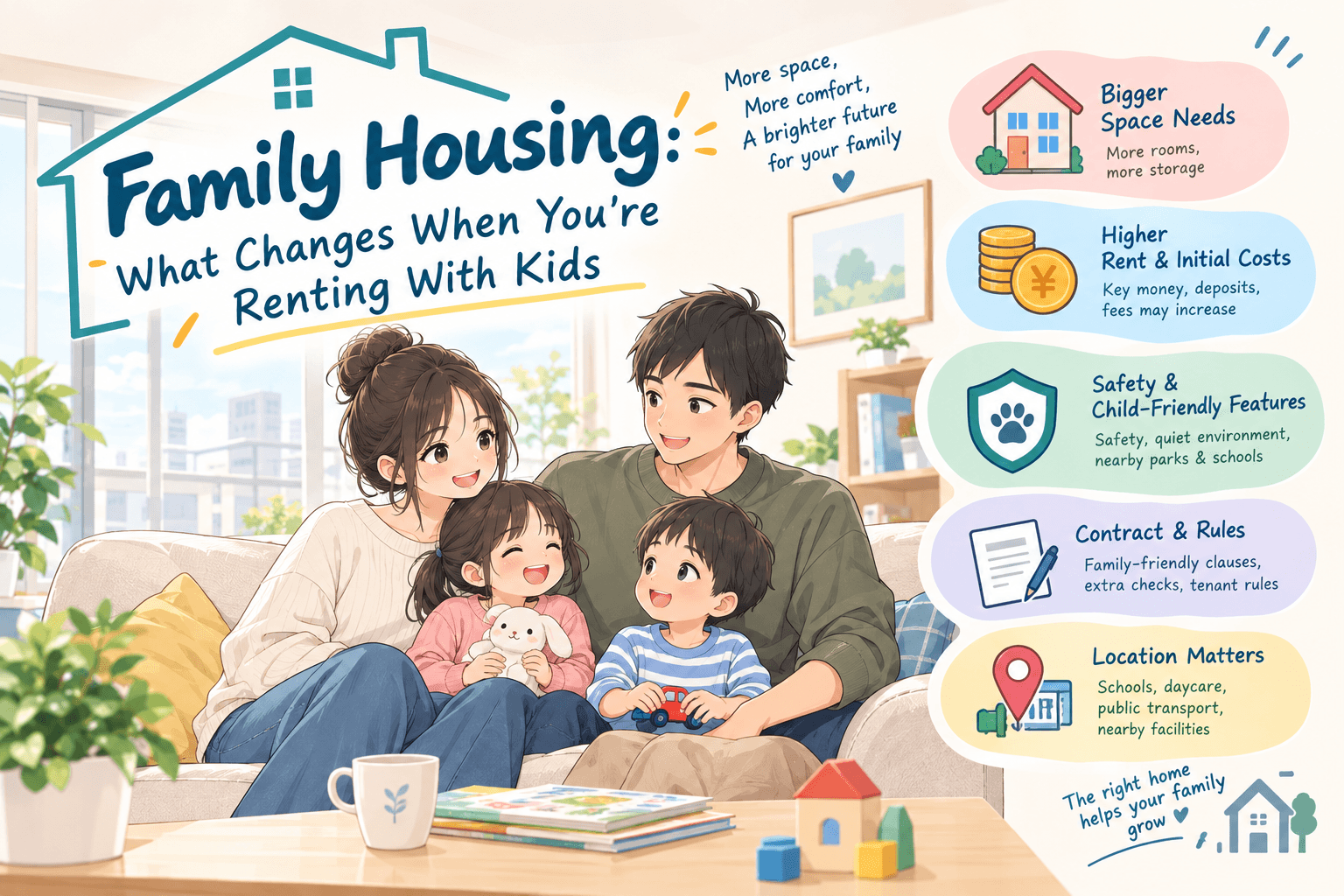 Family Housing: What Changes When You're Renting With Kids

* * *

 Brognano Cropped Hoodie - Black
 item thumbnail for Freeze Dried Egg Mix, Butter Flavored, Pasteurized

• **Your assignment**
From the records above, transcribe exactly the run of lines that opens with the line holding "Brognano Cropped Hoodie - Black" and closes with the line holding "item thumbnail for", both included.

• **Result**
 Brognano Cropped Hoodie - Black
 item thumbnail for Freeze Dried Egg Mix, Butter Flavored, Pasteurized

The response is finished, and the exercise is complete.